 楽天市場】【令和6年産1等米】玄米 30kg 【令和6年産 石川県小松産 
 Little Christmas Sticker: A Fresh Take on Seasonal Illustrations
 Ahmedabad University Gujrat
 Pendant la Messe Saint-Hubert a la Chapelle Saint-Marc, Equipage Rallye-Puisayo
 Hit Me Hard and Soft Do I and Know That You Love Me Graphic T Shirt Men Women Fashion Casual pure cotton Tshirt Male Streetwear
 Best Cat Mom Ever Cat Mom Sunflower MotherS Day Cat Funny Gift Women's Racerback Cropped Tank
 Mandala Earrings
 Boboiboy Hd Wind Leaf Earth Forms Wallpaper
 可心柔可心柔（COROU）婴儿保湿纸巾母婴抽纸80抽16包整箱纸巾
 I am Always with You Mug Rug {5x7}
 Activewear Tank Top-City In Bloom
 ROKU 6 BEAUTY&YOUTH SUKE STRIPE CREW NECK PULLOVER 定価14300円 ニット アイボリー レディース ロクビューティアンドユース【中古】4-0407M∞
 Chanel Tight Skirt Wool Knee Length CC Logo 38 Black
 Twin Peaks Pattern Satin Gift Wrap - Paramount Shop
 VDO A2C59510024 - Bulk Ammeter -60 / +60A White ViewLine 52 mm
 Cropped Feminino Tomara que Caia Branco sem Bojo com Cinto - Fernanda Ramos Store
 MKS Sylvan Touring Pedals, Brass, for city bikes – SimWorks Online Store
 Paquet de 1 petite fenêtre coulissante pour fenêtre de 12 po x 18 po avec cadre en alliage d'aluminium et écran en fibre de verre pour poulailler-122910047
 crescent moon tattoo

* * *

PROMPT
Which lines run from the one containing "Cropped Feminino Tomara" to the final line of the entries? Return those lines exactly, and only those.

SOLUTION BELOW
 Cropped Feminino Tomara que Caia Branco sem Bojo com Cinto - Fernanda Ramos Store
 MKS Sylvan Touring Pedals, Brass, for city bikes – SimWorks Online Store
 Paquet de 1 petite fenêtre coulissante pour fenêtre de 12 po x 18 po avec cadre en alliage d'aluminium et écran en fibre de verre pour poulailler-122910047
 crescent moon tattoo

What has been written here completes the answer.